Limaye also highlighted a disconnect in his home market.

"If you look at the Nifty in India, it's again driven by a handful of stocks that have really appreciated quite a bit, but it's not necessarily reflective of the broader market," he said.

The Nifty, or Nifty 50, is one of the two main stock indexes used in India. It represents the 50 largest Indian companies listed on the National Stock Exchange.

"It does worry me," Limaye said. "There is a lot of liquidity and that is going to find its way into equity markets particularly because in most parts of the world, the fixed income returns are exceedingly low," he said. 

"In India, as yields have come off and rates keep going down, there is more money flowing into equities and actually you're seeing money flow into gold as well," he said, highlighting unusual investor appetite for simultaneous risk and safety. 

Cause for concern

Limaye also highlighted a number of risks for stocks for the second half of the year. 

"Whether its monetary stimulus or fiscal stimulus, the sustainability of that obviously is a cause for concern," he said.

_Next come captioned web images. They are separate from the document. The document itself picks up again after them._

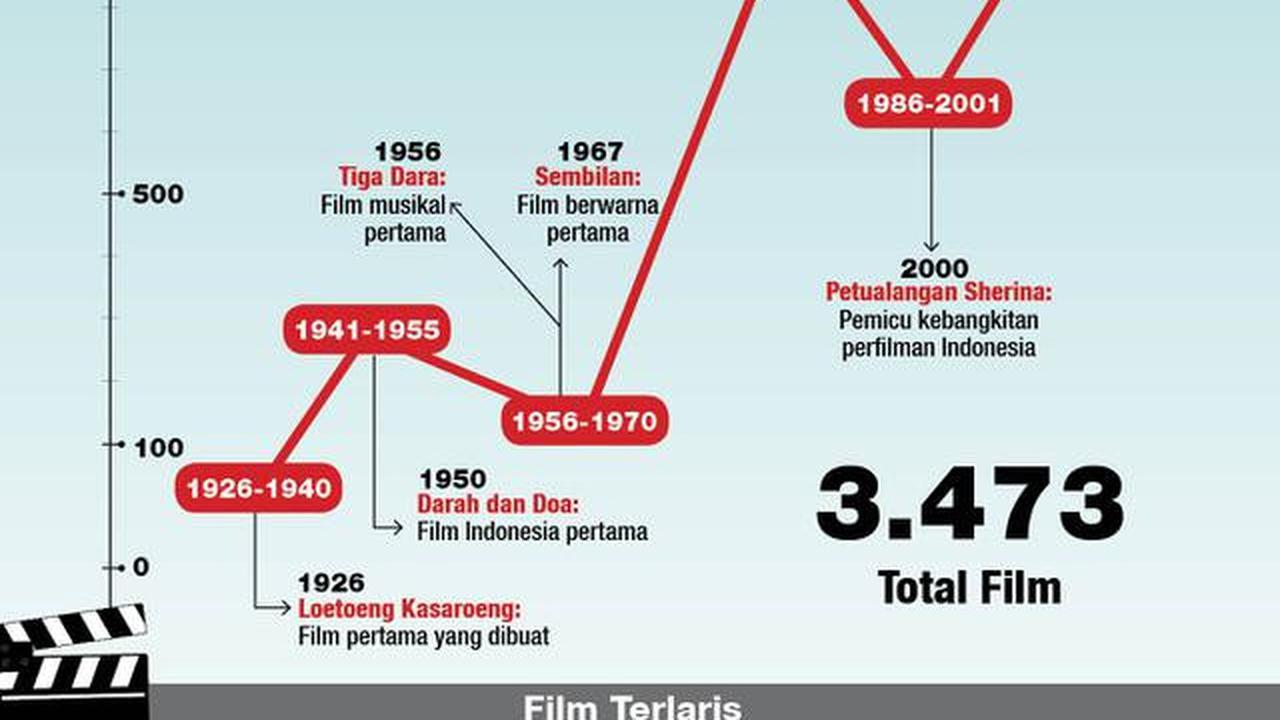 Jumlah produksi film Indonesia, berapa banyak? (Liputan6.com/Trie yas)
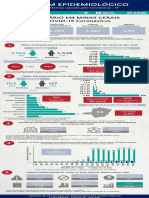 Boletim MG PDF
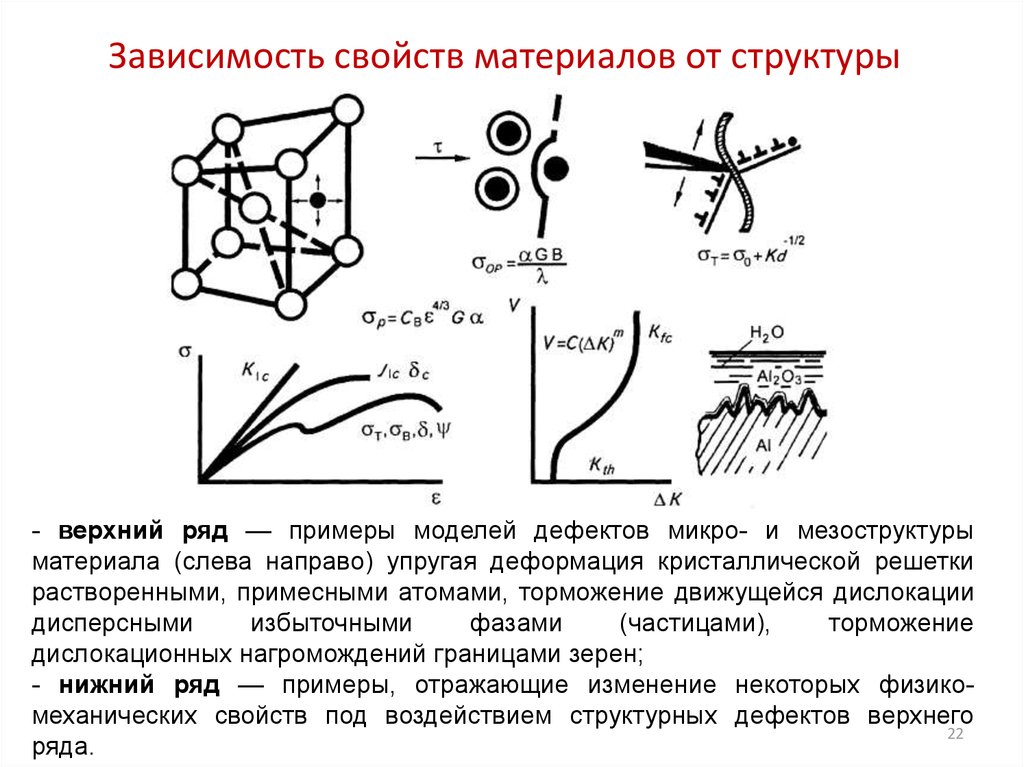 В зависимости от материала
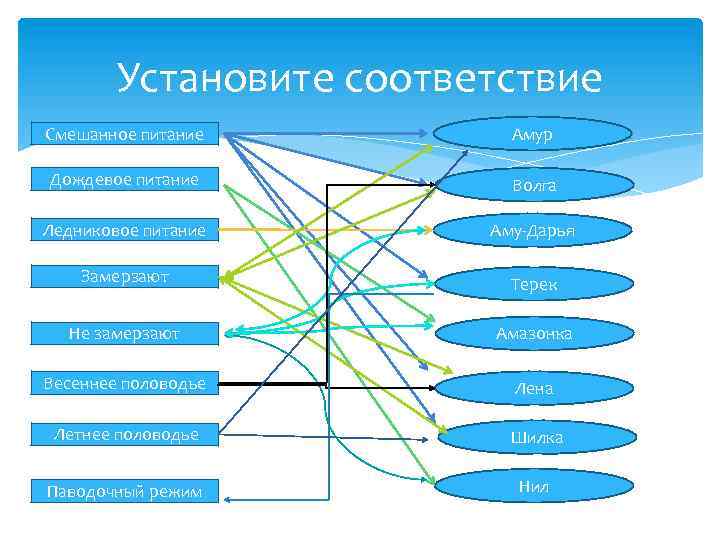 Установите соответствие Смешанное питание Амур Дождевое питание Волга Ледниковое питание Аму-Дарья Замерзают Терек Не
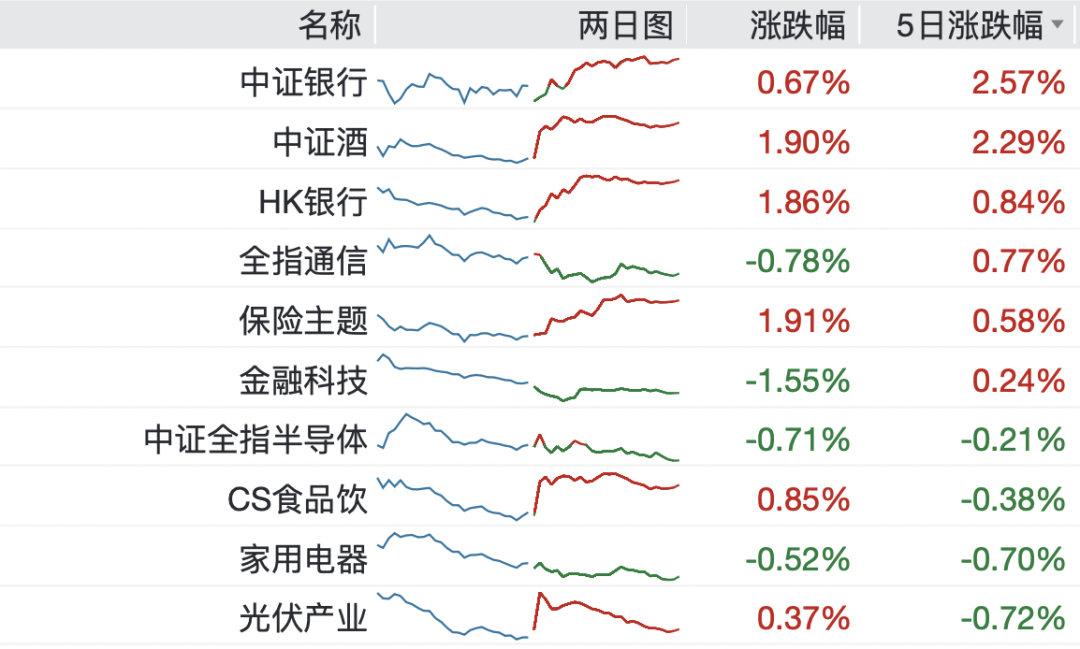 A股进入混沌期：大盘“避险”，小盘“渡劫”？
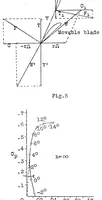 An illustration from Counter-propeller (1931)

"I also worry about the financial services sector," he added. "If the financial sector gets into difficulty because of the underlying problems with the real economy, that is also a cause for concern because the financial services sector is exceedingly critical for the overall health of the economy."

In the commodities space, Limaye said lower for longer oil prices would ultimately benefit India.

"70% of our import bill is related to oil, so low oil prices are certainly a huge positive from an Indian economy perspective," he said. "It's hard to make the case that oil prices will move up materially with global growth not picking up," he added.